In the records that follow, the lines from the one containing "Vintage design salontafel" to the one containing "卡西欧,G-SHOCK 46", inclusive, are to be given again exactly.

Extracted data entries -

________________________

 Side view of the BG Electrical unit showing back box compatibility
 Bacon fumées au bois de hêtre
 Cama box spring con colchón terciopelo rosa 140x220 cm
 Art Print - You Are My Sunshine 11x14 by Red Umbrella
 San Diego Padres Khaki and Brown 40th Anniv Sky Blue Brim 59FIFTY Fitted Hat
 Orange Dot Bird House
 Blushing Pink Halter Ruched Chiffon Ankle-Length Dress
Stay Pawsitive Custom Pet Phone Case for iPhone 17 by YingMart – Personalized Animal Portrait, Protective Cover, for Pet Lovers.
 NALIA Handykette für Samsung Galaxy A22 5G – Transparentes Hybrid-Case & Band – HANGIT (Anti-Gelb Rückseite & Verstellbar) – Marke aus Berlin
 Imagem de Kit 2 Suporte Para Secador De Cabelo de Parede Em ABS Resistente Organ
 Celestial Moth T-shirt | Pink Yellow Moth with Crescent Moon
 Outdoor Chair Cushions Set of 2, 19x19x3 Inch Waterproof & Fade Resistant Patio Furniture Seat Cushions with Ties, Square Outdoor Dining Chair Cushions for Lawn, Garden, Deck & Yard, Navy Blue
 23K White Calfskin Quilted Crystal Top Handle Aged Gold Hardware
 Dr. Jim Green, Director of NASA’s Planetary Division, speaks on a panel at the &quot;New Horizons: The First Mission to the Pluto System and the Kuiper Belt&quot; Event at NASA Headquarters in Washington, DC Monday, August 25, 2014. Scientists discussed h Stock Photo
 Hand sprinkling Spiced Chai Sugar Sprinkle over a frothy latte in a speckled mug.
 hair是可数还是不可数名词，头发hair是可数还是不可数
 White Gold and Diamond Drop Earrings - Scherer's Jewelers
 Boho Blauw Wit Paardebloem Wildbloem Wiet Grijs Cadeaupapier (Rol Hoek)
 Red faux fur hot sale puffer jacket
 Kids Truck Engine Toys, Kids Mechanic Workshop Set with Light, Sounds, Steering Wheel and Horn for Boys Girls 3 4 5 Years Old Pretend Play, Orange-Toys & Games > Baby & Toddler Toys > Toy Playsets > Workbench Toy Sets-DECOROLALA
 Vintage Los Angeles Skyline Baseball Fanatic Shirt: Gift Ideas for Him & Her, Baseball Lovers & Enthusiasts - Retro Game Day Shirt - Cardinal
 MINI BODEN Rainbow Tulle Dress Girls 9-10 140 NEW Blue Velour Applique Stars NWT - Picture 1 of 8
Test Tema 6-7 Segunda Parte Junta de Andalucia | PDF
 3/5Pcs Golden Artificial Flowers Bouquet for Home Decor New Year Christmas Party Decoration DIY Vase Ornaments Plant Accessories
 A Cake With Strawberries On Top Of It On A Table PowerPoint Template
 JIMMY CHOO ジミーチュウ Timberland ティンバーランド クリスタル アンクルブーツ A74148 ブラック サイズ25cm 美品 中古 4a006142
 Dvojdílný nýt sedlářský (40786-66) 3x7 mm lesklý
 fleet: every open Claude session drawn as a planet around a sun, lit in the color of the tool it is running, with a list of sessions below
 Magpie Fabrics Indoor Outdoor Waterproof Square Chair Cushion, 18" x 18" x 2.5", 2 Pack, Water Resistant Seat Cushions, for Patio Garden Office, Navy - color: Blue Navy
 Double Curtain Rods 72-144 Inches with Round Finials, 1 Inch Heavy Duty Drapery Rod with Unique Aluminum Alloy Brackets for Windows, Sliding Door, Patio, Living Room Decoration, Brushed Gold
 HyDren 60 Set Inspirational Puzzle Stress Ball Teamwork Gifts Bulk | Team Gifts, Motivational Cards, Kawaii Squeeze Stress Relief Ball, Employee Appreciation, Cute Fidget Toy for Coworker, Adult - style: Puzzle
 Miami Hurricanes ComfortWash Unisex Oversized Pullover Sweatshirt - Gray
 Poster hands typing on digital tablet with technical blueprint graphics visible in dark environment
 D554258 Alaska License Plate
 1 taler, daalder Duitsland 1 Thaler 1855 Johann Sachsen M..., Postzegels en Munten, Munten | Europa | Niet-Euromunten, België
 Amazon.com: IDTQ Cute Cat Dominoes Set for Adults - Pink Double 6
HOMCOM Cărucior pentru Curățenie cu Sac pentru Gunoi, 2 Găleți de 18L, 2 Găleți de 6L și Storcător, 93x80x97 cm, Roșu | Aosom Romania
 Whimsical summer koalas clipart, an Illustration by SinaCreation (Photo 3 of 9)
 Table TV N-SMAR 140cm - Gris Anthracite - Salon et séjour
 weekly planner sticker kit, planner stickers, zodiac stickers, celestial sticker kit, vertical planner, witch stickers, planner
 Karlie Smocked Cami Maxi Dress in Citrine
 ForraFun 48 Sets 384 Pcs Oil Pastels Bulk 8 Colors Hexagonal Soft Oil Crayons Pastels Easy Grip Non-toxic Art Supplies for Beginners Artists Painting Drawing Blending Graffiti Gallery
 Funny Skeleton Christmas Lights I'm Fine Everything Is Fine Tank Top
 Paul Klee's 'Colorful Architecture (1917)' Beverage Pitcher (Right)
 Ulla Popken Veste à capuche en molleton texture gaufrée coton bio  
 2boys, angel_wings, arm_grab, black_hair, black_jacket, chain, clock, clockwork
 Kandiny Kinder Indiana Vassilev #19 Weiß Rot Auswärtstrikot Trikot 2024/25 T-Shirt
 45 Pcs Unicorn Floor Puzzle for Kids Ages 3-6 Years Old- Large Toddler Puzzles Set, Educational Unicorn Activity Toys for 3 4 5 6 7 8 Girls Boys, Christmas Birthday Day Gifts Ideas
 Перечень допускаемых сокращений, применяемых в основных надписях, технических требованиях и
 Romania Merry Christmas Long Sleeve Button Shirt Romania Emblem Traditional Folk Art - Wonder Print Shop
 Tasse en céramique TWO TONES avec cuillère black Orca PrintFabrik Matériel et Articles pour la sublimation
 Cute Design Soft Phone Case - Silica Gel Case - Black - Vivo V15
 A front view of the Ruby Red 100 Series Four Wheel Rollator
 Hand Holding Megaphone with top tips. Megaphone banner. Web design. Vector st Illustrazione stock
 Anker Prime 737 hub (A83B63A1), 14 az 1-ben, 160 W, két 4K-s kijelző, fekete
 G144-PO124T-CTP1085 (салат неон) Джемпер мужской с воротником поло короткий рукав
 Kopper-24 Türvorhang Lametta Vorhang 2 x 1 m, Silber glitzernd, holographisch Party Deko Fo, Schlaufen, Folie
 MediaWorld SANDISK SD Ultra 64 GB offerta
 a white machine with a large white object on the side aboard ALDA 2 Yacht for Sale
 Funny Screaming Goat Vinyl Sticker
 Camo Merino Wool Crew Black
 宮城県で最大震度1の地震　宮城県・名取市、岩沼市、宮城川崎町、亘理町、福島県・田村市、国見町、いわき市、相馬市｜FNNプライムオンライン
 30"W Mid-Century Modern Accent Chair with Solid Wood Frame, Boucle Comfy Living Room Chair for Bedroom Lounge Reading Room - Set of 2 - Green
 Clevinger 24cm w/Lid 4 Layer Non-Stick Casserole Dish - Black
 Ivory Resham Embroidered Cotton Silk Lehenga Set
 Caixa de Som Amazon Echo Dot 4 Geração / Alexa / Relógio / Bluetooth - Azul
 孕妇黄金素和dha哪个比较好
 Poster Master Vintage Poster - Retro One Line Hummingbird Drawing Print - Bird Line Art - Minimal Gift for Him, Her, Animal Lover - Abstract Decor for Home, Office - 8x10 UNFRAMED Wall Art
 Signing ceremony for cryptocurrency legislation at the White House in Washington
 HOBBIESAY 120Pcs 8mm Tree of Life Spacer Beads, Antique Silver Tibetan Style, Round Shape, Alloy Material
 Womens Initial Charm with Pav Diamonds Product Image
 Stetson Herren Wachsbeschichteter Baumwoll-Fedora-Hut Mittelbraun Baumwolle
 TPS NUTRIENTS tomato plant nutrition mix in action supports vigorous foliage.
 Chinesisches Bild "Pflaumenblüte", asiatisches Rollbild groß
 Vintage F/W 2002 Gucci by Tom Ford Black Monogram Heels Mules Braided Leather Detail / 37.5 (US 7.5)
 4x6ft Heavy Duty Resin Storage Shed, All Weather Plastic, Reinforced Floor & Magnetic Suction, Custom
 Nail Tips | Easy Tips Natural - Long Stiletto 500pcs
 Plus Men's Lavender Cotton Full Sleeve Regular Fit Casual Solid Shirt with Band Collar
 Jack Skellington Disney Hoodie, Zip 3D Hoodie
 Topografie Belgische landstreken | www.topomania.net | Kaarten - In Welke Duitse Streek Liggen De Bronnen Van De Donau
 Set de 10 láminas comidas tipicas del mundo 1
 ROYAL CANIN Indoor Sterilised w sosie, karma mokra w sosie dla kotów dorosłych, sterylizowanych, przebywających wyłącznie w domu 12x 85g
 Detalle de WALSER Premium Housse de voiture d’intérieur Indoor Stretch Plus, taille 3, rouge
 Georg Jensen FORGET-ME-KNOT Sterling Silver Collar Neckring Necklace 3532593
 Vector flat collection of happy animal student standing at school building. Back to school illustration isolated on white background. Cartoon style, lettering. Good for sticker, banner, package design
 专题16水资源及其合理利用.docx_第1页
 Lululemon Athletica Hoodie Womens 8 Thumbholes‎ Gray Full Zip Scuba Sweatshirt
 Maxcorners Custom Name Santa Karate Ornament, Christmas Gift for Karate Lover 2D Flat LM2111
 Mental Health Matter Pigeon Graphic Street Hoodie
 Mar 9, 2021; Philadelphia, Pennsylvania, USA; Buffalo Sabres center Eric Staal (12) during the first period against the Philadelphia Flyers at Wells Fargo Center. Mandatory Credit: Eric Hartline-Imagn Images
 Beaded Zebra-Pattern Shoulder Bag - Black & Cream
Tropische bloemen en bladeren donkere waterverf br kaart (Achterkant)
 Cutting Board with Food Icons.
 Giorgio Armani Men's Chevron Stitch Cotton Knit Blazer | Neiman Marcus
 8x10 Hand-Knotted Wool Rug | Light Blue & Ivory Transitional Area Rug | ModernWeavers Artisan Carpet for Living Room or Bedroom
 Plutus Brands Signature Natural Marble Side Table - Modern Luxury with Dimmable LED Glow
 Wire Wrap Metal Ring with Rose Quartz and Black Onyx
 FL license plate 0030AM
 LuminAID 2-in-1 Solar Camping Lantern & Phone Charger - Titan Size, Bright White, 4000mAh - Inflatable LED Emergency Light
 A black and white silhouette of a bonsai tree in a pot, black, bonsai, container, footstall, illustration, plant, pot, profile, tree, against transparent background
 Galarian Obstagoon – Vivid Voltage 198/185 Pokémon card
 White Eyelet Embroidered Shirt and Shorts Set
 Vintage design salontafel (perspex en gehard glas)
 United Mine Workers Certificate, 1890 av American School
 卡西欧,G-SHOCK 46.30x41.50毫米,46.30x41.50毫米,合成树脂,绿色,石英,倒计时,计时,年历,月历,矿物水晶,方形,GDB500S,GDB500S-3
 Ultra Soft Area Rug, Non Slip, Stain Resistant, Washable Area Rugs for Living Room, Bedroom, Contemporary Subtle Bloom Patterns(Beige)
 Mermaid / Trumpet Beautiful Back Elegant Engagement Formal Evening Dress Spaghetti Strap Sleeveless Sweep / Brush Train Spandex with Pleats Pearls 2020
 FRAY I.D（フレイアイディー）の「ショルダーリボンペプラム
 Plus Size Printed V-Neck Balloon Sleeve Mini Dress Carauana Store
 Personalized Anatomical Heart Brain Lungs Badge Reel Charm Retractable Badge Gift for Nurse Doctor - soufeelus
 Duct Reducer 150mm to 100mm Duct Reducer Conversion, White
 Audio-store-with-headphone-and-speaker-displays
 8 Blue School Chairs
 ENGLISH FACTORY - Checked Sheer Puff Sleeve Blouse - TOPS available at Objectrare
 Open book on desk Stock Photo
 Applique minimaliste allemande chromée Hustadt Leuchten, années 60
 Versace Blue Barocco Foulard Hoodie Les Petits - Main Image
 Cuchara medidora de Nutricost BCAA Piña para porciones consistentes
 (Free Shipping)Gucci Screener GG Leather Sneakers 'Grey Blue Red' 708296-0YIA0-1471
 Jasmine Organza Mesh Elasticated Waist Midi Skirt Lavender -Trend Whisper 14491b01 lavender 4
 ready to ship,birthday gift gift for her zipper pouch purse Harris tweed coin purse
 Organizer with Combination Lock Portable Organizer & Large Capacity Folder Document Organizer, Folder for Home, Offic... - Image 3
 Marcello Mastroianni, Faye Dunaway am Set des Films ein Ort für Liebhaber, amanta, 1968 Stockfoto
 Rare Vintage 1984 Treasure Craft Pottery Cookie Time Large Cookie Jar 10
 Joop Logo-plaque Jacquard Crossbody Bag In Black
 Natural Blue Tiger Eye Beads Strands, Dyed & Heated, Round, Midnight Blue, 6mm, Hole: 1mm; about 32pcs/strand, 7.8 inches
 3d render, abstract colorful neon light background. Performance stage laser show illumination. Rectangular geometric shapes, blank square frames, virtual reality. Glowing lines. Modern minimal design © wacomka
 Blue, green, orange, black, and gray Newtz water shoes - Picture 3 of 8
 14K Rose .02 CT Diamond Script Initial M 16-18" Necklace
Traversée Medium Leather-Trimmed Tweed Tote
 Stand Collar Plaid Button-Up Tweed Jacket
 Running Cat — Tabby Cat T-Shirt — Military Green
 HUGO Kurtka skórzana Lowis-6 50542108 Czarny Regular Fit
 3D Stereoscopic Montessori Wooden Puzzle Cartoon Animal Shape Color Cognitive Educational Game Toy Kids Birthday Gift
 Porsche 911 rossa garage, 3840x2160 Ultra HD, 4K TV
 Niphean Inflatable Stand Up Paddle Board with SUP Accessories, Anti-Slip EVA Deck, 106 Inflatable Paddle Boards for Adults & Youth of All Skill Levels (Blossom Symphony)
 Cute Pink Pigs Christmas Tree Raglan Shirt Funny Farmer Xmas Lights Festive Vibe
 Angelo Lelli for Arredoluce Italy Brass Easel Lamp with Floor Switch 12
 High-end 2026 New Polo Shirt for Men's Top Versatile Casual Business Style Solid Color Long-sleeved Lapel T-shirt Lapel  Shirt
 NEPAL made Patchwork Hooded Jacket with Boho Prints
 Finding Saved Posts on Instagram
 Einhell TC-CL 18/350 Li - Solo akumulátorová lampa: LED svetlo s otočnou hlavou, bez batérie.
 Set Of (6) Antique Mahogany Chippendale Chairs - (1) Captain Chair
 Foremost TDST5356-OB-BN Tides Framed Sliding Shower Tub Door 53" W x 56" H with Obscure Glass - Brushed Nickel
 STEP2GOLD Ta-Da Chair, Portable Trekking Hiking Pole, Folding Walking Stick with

________________________

Reply to the task -
 Vintage design salontafel (perspex en gehard glas)
 United Mine Workers Certificate, 1890 av American School
 卡西欧,G-SHOCK 46.30x41.50毫米,46.30x41.50毫米,合成树脂,绿色,石英,倒计时,计时,年历,月历,矿物水晶,方形,GDB500S,GDB500S-3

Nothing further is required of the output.